TP: You were a member of La Sonora Ponceña for sixteen years. Also, you participated in eighteen historical albums. That’s quite an achievement.
LJR: Thank you.
TP: La Sonora was your “escuela” (school) and Quique was the “headmaster.” I understand he dispensed some tough love at the beginning of the relationship.
LJR: The first time I showed up late, Quique said, “The third time you’re late, you’re out of the band!” I was young and had a New York attitude, which does not work in Puerto Rico.
TP: Tell me about your relationship with Papo Lucca.
LJR: I learned a lot from Papo. I was very fortunate to watch him in the studio. I am who I am today because of what I learned from him and many others. I started as a kid and became an accomplished musician, producer, and bandleader by watching and learning.
TP: What years were you with La Sonora?
LJR: 1974 to 1990.
TP: Why did you leave?
LJR: Things were slowing down in Puerto Rico. Also, it was time to go out on my own. I freelanced, did studio work, played with other bands, and played different instruments.
TP: Which instruments?
LJR: Different percussion instruments, “toys.” Also, I played with Bobby Valentin, a great experience, Cheo Feliciano for two years, and Luis Garcia. I’ve done so much!
TP: Your discography is impressive.
LJR: I’ve recorded roughly 100 CDs, which I remember.
TP: How did you come to work with Eddie Palmieri?
LJR: I was doing a gig with Ray Santos; I can’t recall the venue, and Eddie Palmieri and his wife showed up. I stopped by Eddie’s table to pay my respects, and he asked me for my business card. But he was looking for a conga player. Afterward, I received a telephone call from Eddie Palmieri’s son (and manager), Eddie Palmieri the 2nd, and the rest is history.
TP: Timing is everything!
LJR: (Laughs) I can honestly say I have performed with two of the “baddest” piano players on the planet – Eddie Palmieri and Papo Lucca! I was with La Sonora for sixteen years, and I’m going on fifteen years with Palmieri.

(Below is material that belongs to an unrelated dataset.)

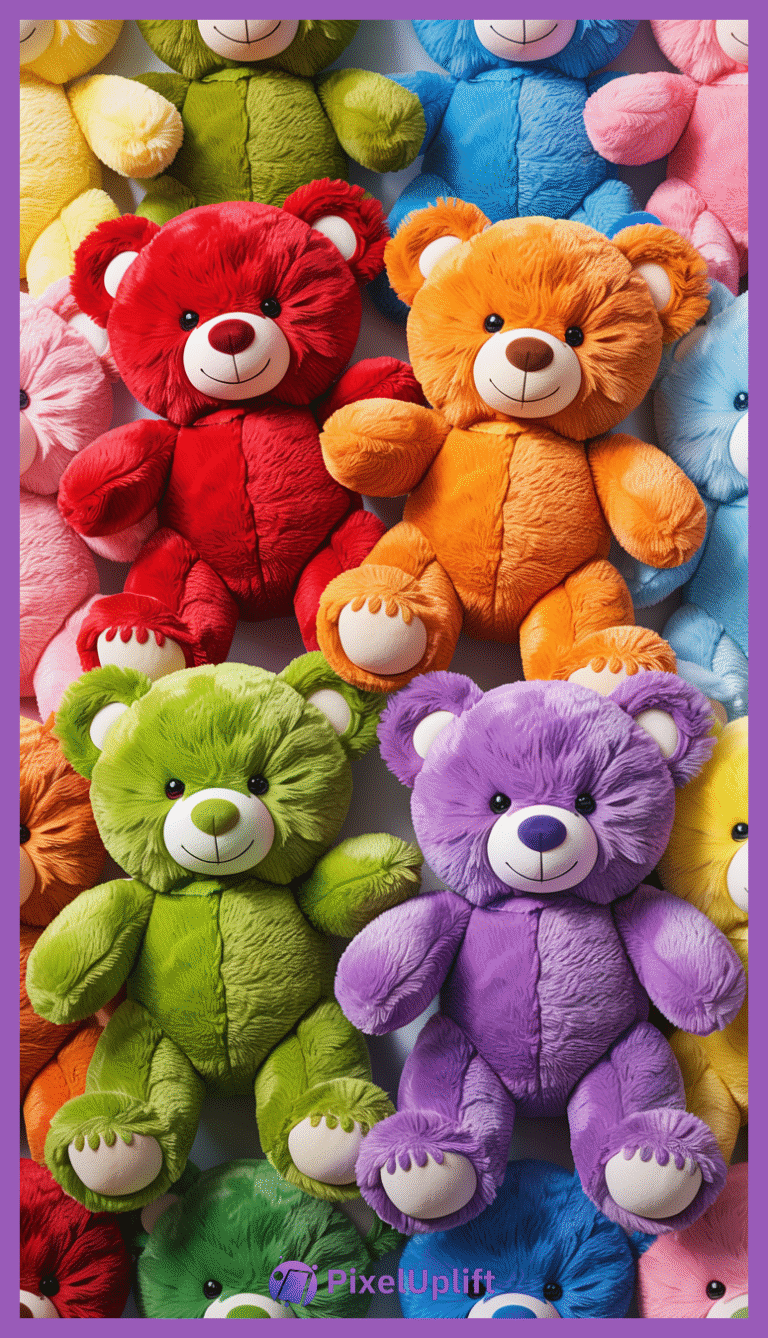 Colorful teddy bears arranged closely together on a phone wallpaper lockscreen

I have to talk about Eddie Palmieri. He’s a genius; he respects the musicians and always wants the best for us, and we return the favor by playing our hearts out.
TP: Palmieri is older, wiser, and a mentor and father to many musicians, past and present.

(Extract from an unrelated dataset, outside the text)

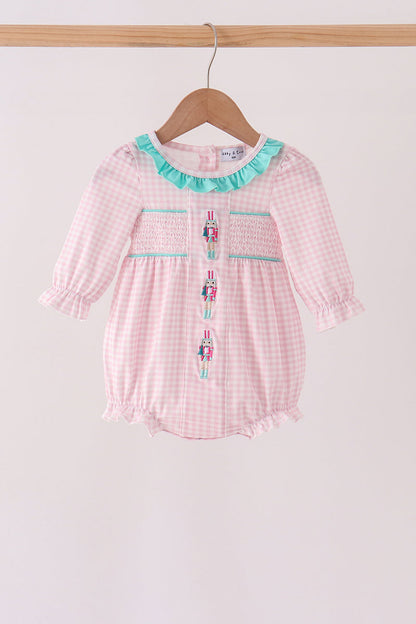 Pink Nutcracker Smocked Ruffle Bubble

LJR: I was fortunate to step into Eddie’s band immediately. I’ve traveled the world with Eddie – China, Europe, Australia, Hong Kong, and Japan – honestly, it has been the best experience of my life. We’ve played at the best venues; I couldn’t ask for more. I’m very honored. It’s a blessing. Another blessing is playing with the new players: Luques Curtis, Louis Fouche, Jonathan Powell, and others. Eddie has always had a keen eye for talent. I’m thinking of the tune 17.1 (from the album Superimposition), whose title is based on the band members’ average age. Eddie has always had the “baddest cats” on the planet, regardless of age.
TP: Tell me about Pasos Gigante, your debut as a leader.

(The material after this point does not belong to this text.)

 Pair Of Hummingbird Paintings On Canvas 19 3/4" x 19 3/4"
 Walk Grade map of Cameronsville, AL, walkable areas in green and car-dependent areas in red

LJR: It means a lot because, before the release, no one knew that I was a composer (songwriter) or that I composed roughly 200 songs. The well-received album showcases my skills as a producer, writer, leader, and player. Also, I gathered many great musicians: Papo Lucca, Giovanni Hidalgo, Alfredo de La Fe, Eric Figueroa, Nelson Gonzalez, and Ray Castro, among others. Pasos Gigante is very intense. There’s a lot of percussion and rhythms from around the globe. It’s Salsa dura! Also, it includes a DVD bonus track.
TP: Over the years, you received many requests to record a Latin Jazz album. The result is your most recent recording, Music in Me.
LJR: After years of people watching me play with Eddie and a lot of jazz groups, people came up to me and said, “You have to record an album,” and I thought to myself, “Where’s the money?” During a European tour with Eddie (trumpeter), Brian Lynch said, “When we return to the States, we have to record an album for you.” When I brought up money, he said, “Talk to the cats.” Sure enough, I spoke to Luques Curtis, who promised to reply. Sure enough, Luques called me back and said, “I talked to my brother (Zaccai).” Truth Revolution Recording Collective will record you.” Another blessing!
TP: What kind of album did you want to create?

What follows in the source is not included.